SURABAYA: Angka buang air besar sembarangan (BABS) di Surabaya tergolong masing tinggi. Jika dibiarkan, bakal menjadi serius.
Melihat kondisi itu, dosen Institut Teknologi Sepuluh Nopember (ITS), Ervin Nurhayati tergerak untuk memperkecil dampak negatis BABS dengan membantu peningkatan kualitas sanitasi.
Ervin, sapaanya, meningkatkan kualitas tersebut dengan membangun penampungan tinja untuk masyarakat di Kelurahan Keputih, Surabaya. Ervin memaparkan bahwa Pemerintah Kota (Pemkot) Surabaya tengah berupaya mewujudkan Surabaya open defecation free (ODF).
Maknanya, masyarakat kota ini secara keseluruhan tidak lagi melakukan tindakan BABS. “Keseluruhan di sini juga berarti tidak melakukan tindakan BABS secara langsung maupun tidak langsung,” ujar Ervin, dikutip dari laman ITS, Sabtu, 5 Desember 2020.
Dosen Teknik Lingkungan ITS ini mencontohkan, tindakan BABS tidak langsung ini masih banyak terjadi. Meskipun sebagian besar rumah hunian telah memiliki toilet masing-masing, namun masih banyak pipa pembuangan tinja dan urin dari kloset yang dialirkan langsung ke sungai.
“Hal tersebut menjadikannya jamban yang tidak sehat dan tergolong ke dalam kategori BABS tidak langsung,” tutur Ervin menambahkan.
Ia dan timnya memberikan bantuan berupa material dan biaya pembangunan penampungan tinja sederhana (cubluk). Ervin mengakui, meskipun cubluk yang mereka rancang masih di bawah Standar Nasional Indonesia (SNI), namun cubluk ini telah masuk kategori layak digunakan menurut World Health Organization (WHO).
“Ini sudah cukup lantaran di lokasi yang serba terbatas ini masih sulit untuk merancang cubluk sesuai SNI,” ungkapnya.
Lebih dalam lagi, Ervin menceritakan, tahap pertama dalam melancarkan upaya peningkatan kualitas sanitasi ini ialah berdiskusi dengan pengurus kelurahan setempat. Selanjutnya, ia melakukan survei kepemilikan jamban dengan sasaran utama berupa rumah hunian yang memiliki toilet tetapi tidak memiliki tangki penampungan tinja.

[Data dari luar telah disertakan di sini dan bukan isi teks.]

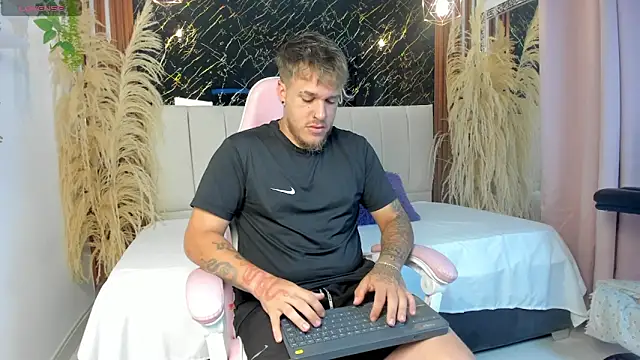 Snapshot of keane_lee_ chatting on March 21, 12:10 pm keane lee online show from March 21, 12:10 pm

Ervin melanjutkan, hasil survei tersebut akan menentukan rumah hunian mana yang cocok untuk menerima bantuan. Setelah menyosialisasikan pentingnya jamban yang sehat bagi masyarakat terkait, barulah Ervin memulai proses pembangunan cubluk.
“Pembangunan dilaksanakan dengan melibatkan masyarakat sekitar dan diakhiri dengan seremonial serah terima bantuan jamban sehat kepada masyarakat,” imbuhnya.
Ervin dan tim memilih Kelurahan Keputih lantaran kawasan tersebut masuk ke dalam ring satu ITS (area yang berbatasan langsung dengan ITS). Selain itu, Kelurahan Keputih merupakan wilayah dengan jumlah masalah BABS tertinggi yang berhasil ia data.
“Terhitung pada tahun 2018, sebanyak 259 keluarga di Kelurahan Keputih masih belum memiliki jamban sehat, ” kata doktor lulusan National Chiao Tung University, Taiwan tersebut.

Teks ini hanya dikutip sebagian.